There have been a number of calls for nutrition in hospitals to be given a higher priority. Writing in the foreword of Eating Matters (Bond, 1998), Yvonne Moores, who was then chief nursing officer for England, stressed that although a wide range of staff may be involved in patient nutrition, the ultimate responsibility for ensuring patients' nutritional needs are met lies with registered nurses. Her successor, Sarah Mullally, reiterated that nutrition and hydration are as important to good nursing care as the administration of medication (Mullally, 2000). It is a serious matter for nurses to neglect nutrition (Oulton, 1999) but they may not be aware of patients' food intake or problems encountered when choosing or eating the meal. Nurses prioritising mealtimes may reduce disturbances and movements around the ward, which have been shown to have a detrimental effect on food consumption (Deutekom et al, 1991).

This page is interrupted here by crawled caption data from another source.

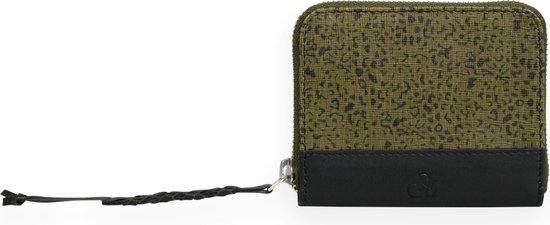 SCOTCH & SODA Cuir Étui pour carte de crédit Printed Leather Wallet Leopard Spot Green Multicolore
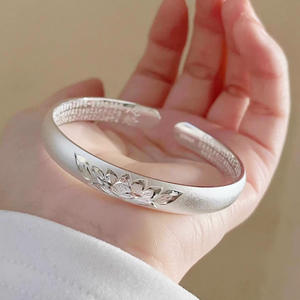 Lucky Healthy Sliver 999 lujo budista <span class=keywords><strong>loto</strong></span> tallado <span class=keywords><strong>Sutra</strong></span> diseño abierto Ajustable pulsera brazalete joyería para mujer regalo - Product Image 5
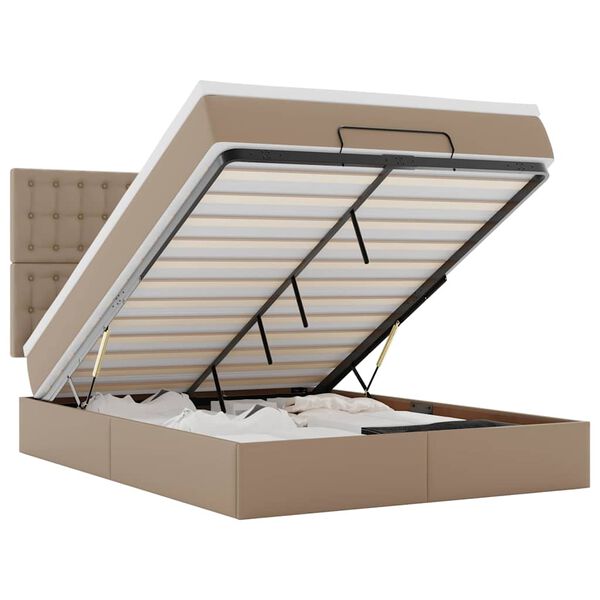 vidaXL Ottoman bed met matras 140x190cm kunstleer cappuccinokleurig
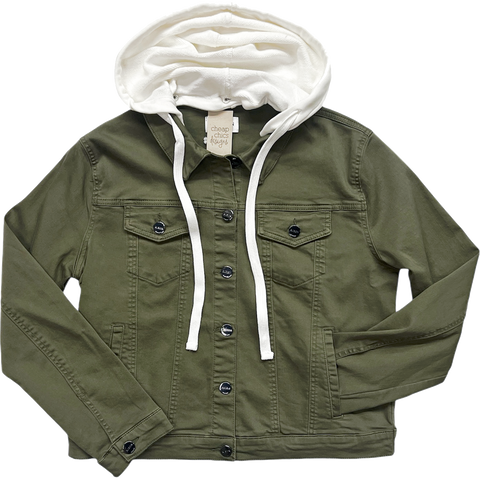 Denim Jacket with Detachable Hood - Olive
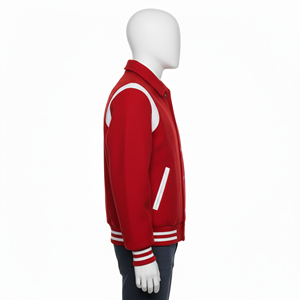 Nouvelle veste universitaire rouge pour homme 2026 en laine et polyester, style preppy, col rabattu, coupe classique, pour l'automne - Product Image 2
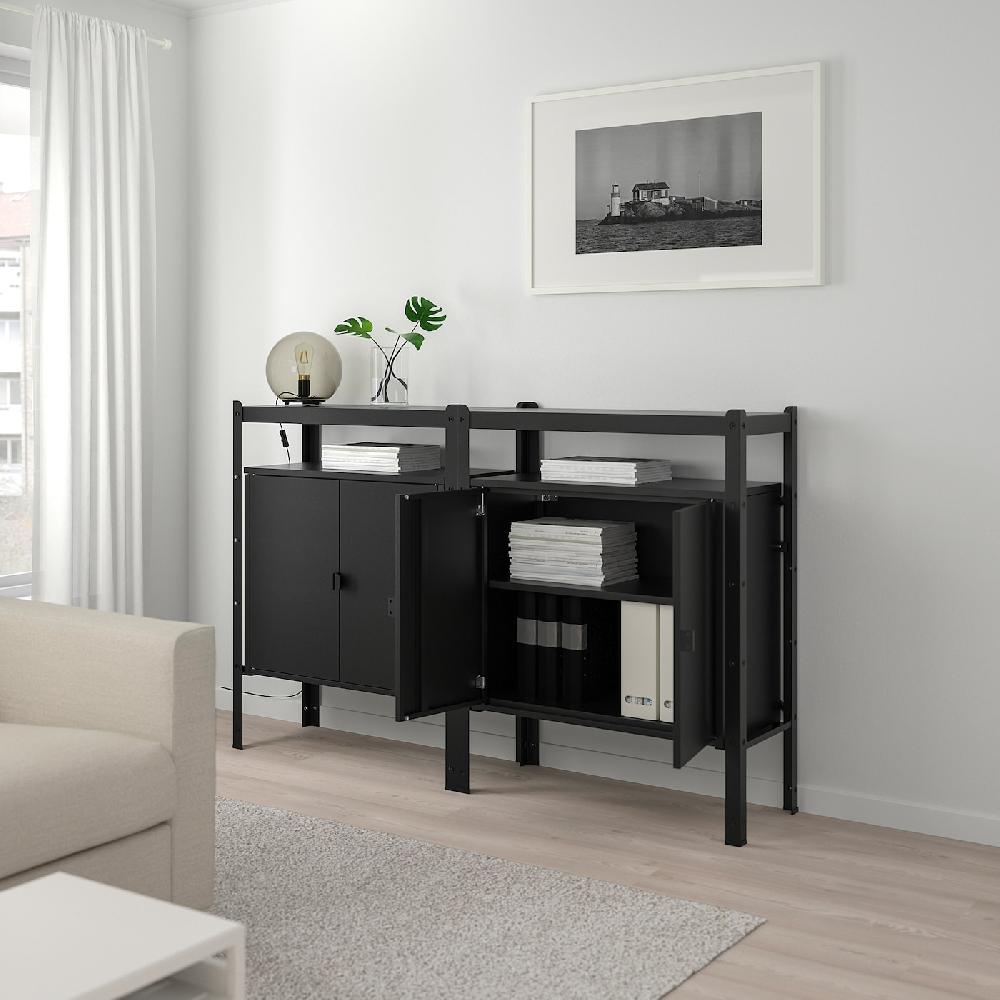 IKEA BROR Estante Con Armario Negro 170x40x110 Cm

However, the focus of nutritional care in nursing seems to be on assessment (Perry, 1997) rather than on providing practical solutions to improving food consumption. Relegating meal distribution and tray collection to domestic staff means nurses are unable to monitor patient intake. Providing help during meals is demanding and time-consuming and compromised by staff shortages. Unqualified staff may not have the skills or knowledge necessary to assist patients with chewing and swallowing difficulties, or to help with the selection of the most appropriate meal from the menu. However, the contribution of these staff to feeding patients is invaluable and easily relied upon by qualified staff.

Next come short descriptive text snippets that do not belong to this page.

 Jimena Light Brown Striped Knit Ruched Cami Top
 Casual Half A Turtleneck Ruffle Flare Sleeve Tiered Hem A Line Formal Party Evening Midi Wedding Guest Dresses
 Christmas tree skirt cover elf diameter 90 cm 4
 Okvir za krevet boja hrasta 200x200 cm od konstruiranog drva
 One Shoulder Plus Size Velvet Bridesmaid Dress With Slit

Problems are not solely related to the meal delivery and distribution systems. Communication between nursing, catering and domestic staff also needs to be considered. Adoption of healthy eating guidelines and the widespread provision of a low-fat, low-energy diet may not be appropriate for all patients within a hospital (Corish and Kennedy, 2000). Lack of provision of food between early evening and breakfast has been identified as an area of patient dissatisfaction (Rushe and Moloney, 1998) but facilities for preparation and storage of snacks on wards are often inadequate.
A greater focus on mealtimes could have beneficial social consequences for the patients and positively affect their well-being. One recent initiative to improve patients' food intake was the ward hostess scheme in Basildon and Thurrock NHS Trust (Cartwright, 2000), which provided assistance with feeding and drinking and accurate records of patient intake.
The cost of plate wastage in hospitals is high, not merely in the food rejected but in the cost to the patients' health and the possible prolonged stays in hospital resulting from this. Our study identified ways of increasing patient intake (Table 3). Feeding patients in hospitals may be improved by altering nursing practice and by placing a higher priority on nutrition. Feeding patients, as well as nutritional assessment, should be a nursing responsibility and a crucial element of nursing care.